How to Capture a column value from 1st record & last record?

asked 2020-07-22

Carol

I have a pipeilne whose Origin is SFTP/FTP/FTPS Client. Pipeline works fine reading in one more files and processing. Here's the question.... I need to capture one column of information (From the file) on the very FIRST record in the pipeline run, as well as the very LAST record in the pipeline run. There could be thousands or millions or records in these files. The volume varies each time.

I know that I can check the Event records, and on the 'finished-file' event record, i have a few pieces of information available to me such as Record Count, and FileName. I am using those pieces of information, but i need more.

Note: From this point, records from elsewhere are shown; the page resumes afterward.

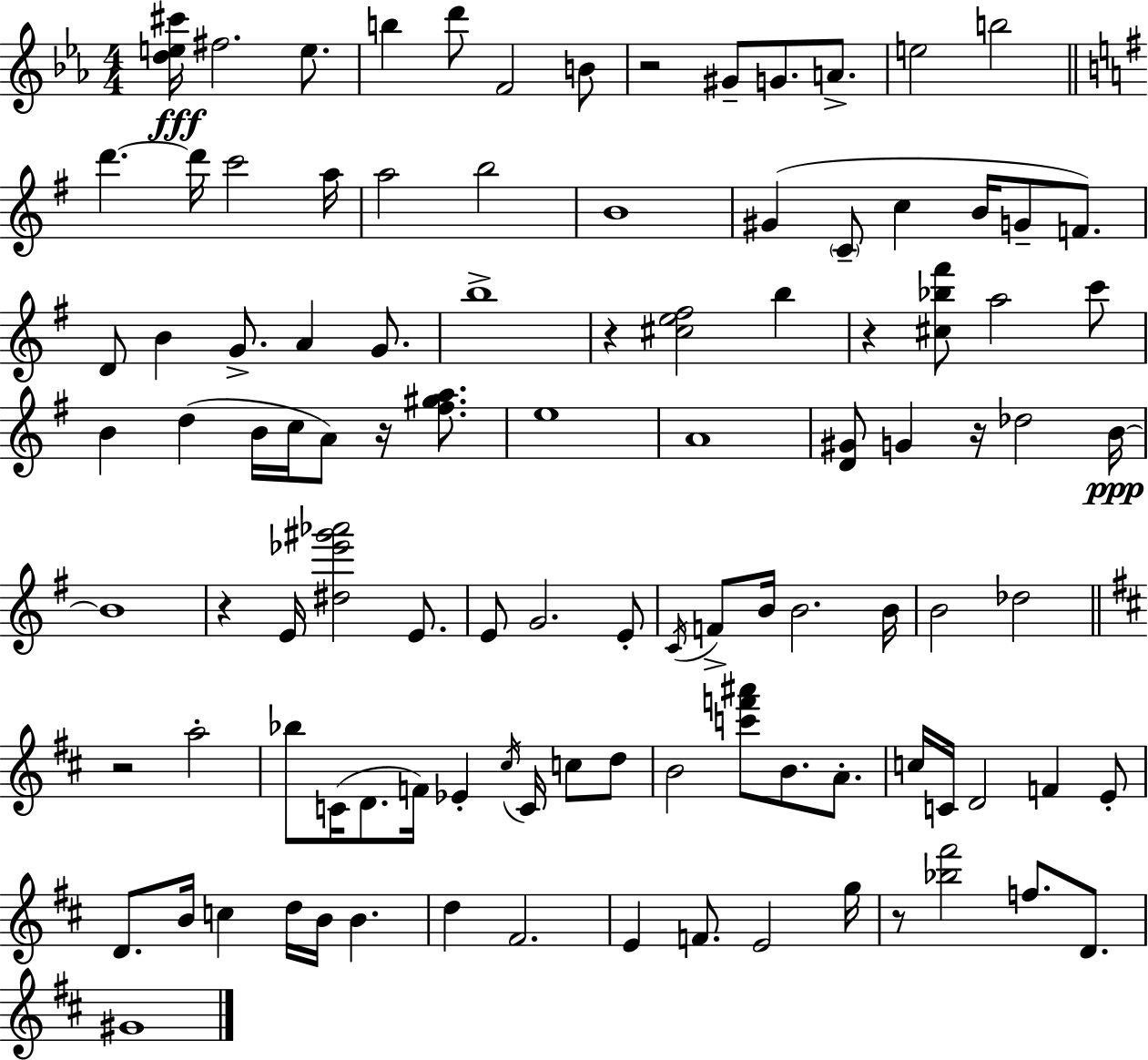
X:1
T:Untitled
M:4/4
L:1/4
K:Eb
[de^c']/4 ^f2 e/2 b d'/2 F2 B/2 z2 ^G/2 G/2 A/2 e2 b2 d' d'/4 c'2 a/4 a2 b2 B4 ^G C/2 c B/4 G/2 F/2 D/2 B G/2 A G/2 b4 z [^ce^f]2 b z [^c_b^f']/2 a2 c'/2 B d B/4 c/4 A/2 z/4 [^f^ga]/2 e4 A4 [D^G]/2 G z/4 _d2 B/4 B4 z E/4 [^d_e'^g'_a']2 E/2 E/2 G2 E/2 C/4 F/2 B/4 B2 B/4 B2 _d2 z2 a2 _b/2 C/4 D/2 F/4 _E ^c/4 C/4 c/2 d/2 B2 [c'f'^a']/2 B/2 A/2 c/4 C/4 D2 F E/2 D/2 B/4 c d/4 B/4 B d ^F2 E F/2 E2 g/4 z/2 [_b^f']2 f/2 D/2 ^G4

How do i capture a value from the first record of the file, and the last record of the file? Any ideas or suggestions?

1 Answer

answered 2020-07-23

amnopro

You can use any "Javascript evaluator" processor and just write first and last record as output of the processor. in the script section of javascript evaluator place the following code:- sdc.output.write(records[0]); sdc.output.write(records[len(records)-1]); Streamsets gives proper examples of how to use Javascript evaluator in the code itself as comments. You can straight away add the processor and work with it. You can also use Groovy evaluator, spark evaluator in a similar fashion.

Hope this helps! :-)

Thanks for the suggestion. I've not used 'Javascript evaluator' before but I will check it out.

Carol ( 2020-07-23 )
Asked: 2020-07-22

Last updated: Jul 23